The bill has been pre-filed for the General Assembly’s 2014 legislative session and would allow those imprisoned for a non-violent or non-sexual crime with no prior offenses or pending felony case to erase that conviction from their record.
Ex-convicts could petition the courts to have their record cleared five years after either completing their sentence or probation.
By focusing on individuals with a Class D felony or misdemeanor, Owens hopes to show that those with smaller violations shouldn’t have to carry the stigma of a conviction for the rest of their lives.
“I’ve heard testimony from people who committed the offense 20-25 years ago and they still can’t get jobs and certain other things because they have a felony. We talk about compassion. We talk about second chances and redemption, and I think all of that is wrapped into this,” he says.
The legislation is related in some ways to a larger “second chance” movement in Kentucky such as restoring felon voting rights, a ban the box ordinance in Louisville and public schools considering reforms allowing parents with felonies to volunteer at their child’s public school.
Under Owens’s measure, those who have their records expunged would have their voting rights granted along with other civic privileges.
One early supporter of the bill is Sandra Williams of Lexington, who hopes the bill will help her niece, Amber Adams, get a better footing. In 2001, Williams turned in her then 19-year-old niece to police after Amber made dozens of unauthorized purchases using her mother’s credit card.
It seemed like a good idea at the time to scare the teenager straight, but Williams says over a decade later her now 31-year-old niece is a responsible citizen who has been turned into an outcast.
“We expect them to live under a bridge or pull themselves up by their bootstraps, but we took their straps,” she says.

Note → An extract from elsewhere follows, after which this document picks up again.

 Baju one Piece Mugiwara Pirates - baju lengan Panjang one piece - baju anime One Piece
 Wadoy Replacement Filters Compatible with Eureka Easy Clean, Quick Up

It’s unclear how Owens’s measure will fare in the state legislature next year given past resistance to other bills aimed at helping Kentucky felons. Few lawmakers were willing to handicap the bill before the session begins on January 7, but some indicated they’re open to learning more about the proposal.
“I have some reservations about what exactly would be expunged and I don’t yet know which charges I’d be comfortable with,” says state Sen. Whitney Westerfield, R-Hopskinsville, who is chair of the Senate Judiciary Committee. “I can say a few of the ones I wouldn’t want it to apply to would be violent offenses, sex crimes and drug trafficking. That would be on the no-go list for me.”
Other key provisions of Owens’s bill include limiting the ability of companies to report criminal history information and the ability of prospective employers from inquiring about sealed records.
The state could fine those businesses up to $5,000 for failing to provide updated records or removing any information that is inaccurate, expunged or restricted.